> **DATA BLOCK**
════════════════

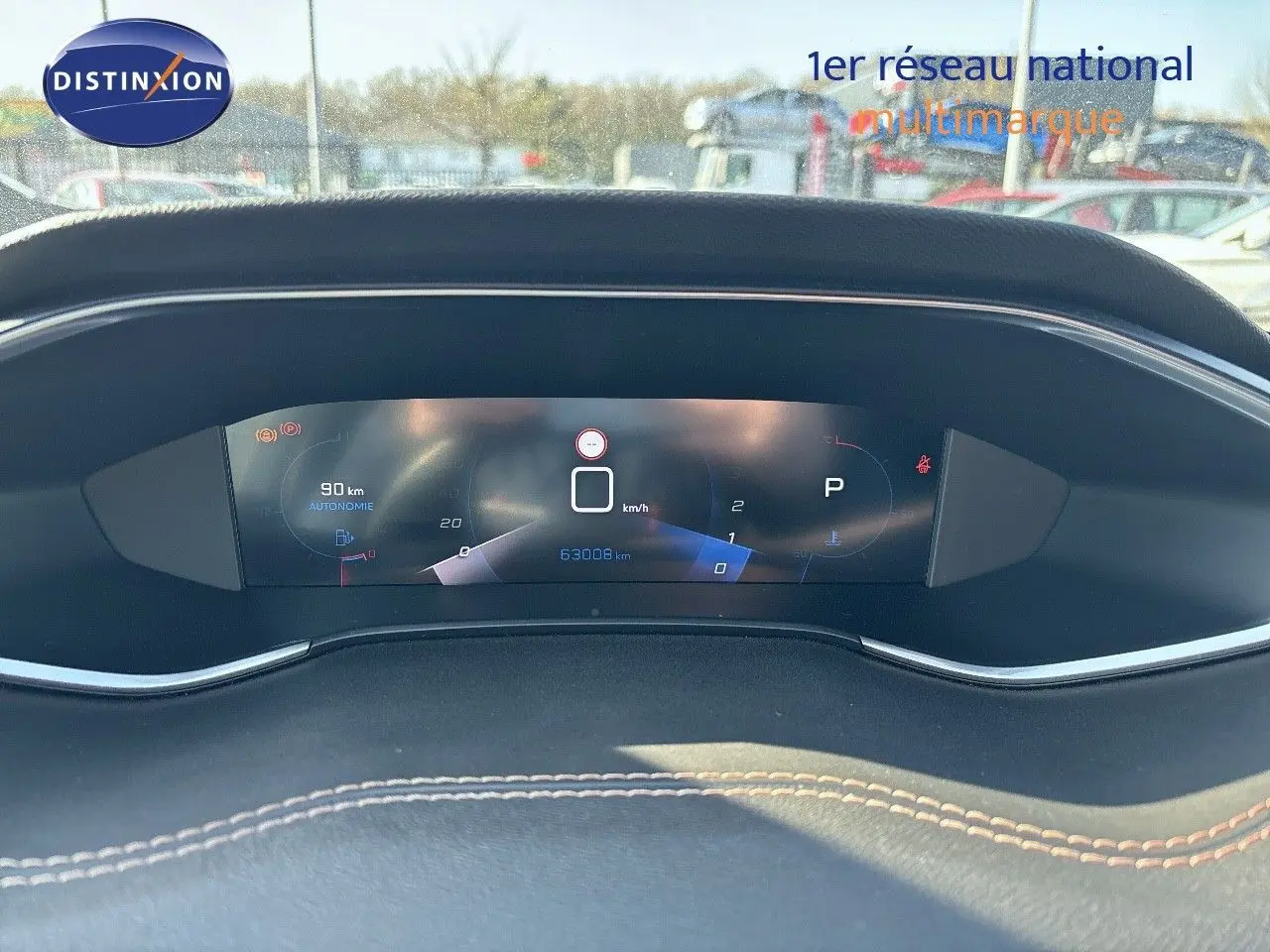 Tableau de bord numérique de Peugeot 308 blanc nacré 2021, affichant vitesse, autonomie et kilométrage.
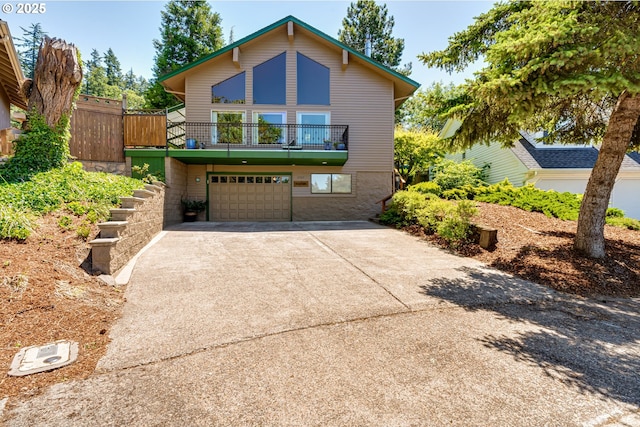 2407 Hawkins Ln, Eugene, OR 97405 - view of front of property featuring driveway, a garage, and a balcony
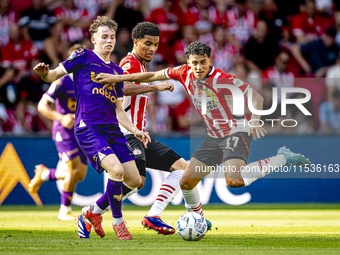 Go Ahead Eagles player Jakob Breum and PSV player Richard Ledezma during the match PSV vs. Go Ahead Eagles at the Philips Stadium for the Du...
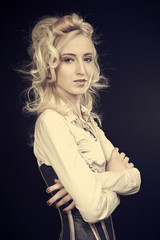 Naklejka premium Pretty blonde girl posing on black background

════════════════

> **TASK OBJECTIVE**
All lines from the line with "Go Ahead Eagles player" through the final line of the listing are to be printed exactly, both ends included; the pictures are not.

> **SOLUTION TO THIS PROBLEM**
 Go Ahead Eagles player Jakob Breum and PSV player Richard Ledezma during the match PSV vs. Go Ahead Eagles at the Philips Stadium for the Du...
 Naklejka premium Pretty blonde girl posing on black background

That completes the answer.